The word “(u)mzansi” does not mean south in Zulu. Rather, the root “-zansi” may refer to a coastal region or low country, a person from there – or the south-east wind, among other things (Doke & Vilakazi 1972: 887-888). The actual source of Mzansi is Xhosa. To see how this might be the case, let’s start by having a look at this South African R5 coin.
Here we see the official Zulu and Xhosa names for South Africa. It is “uMzantsi Afrika” in Xhosa down the right, and “iNingizimu Afrika” in Zulu up the left. “South” in Zulu is “(i)ningizimu”, and in Xhosa it is “(u)mzantsi”. “um-Zantsi” has been attested as such in Xhosa for more than a century, at least since the 1915 second edition of Rev. Albert Kropf’s Xhosa-English dictionary: “The lower part or bottom of a thing: … land towards the South; the South” (p. 486).
So it is a fairly straightforward matter to add Mzantsi to Afrika to generate the official Xhosa name of the country. However, as the official name it is not particularly interesting. What is more interesting is how and why the stand-alone Mzansi has come to refer to South Africa in popular discourse.
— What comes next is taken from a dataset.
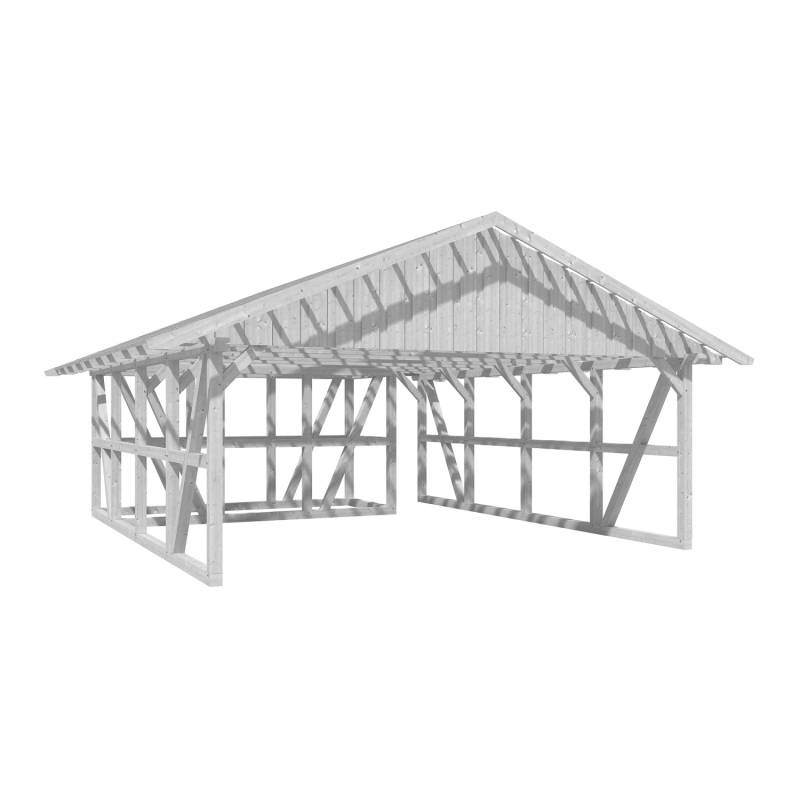 Skan Holz Carport Schwarzwald m. Dachlattung u. Abstellr. B 684 x 772 cm Weiß von Skan Holz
For reasons that are not entirely clear, in the course of this construction of South Africa as Mzansi between the late 1990s and the early years of this century, the word “umzantsi” became more popular than “iningizimu”. This may have something to do with the fact that “-ningizimu” literally means “place of many cannibals”. It came to mean south as the winds, storms and fogs associated with cannibals come from the south (Doke & Vilakazi 1972: 571).
What happened with the official Xhosa name for South Africa was that once it had been conversationally reduced to one word, Mzantsi, it was Zulufied by dropping the “t”, so that it now looks like an Zulu word. This kind of difference between the two languages is also evident in, for example, the Xhosa “phantsi” and “tshisa nyama” versus the Zulu “phansi” and “shisa nyama”.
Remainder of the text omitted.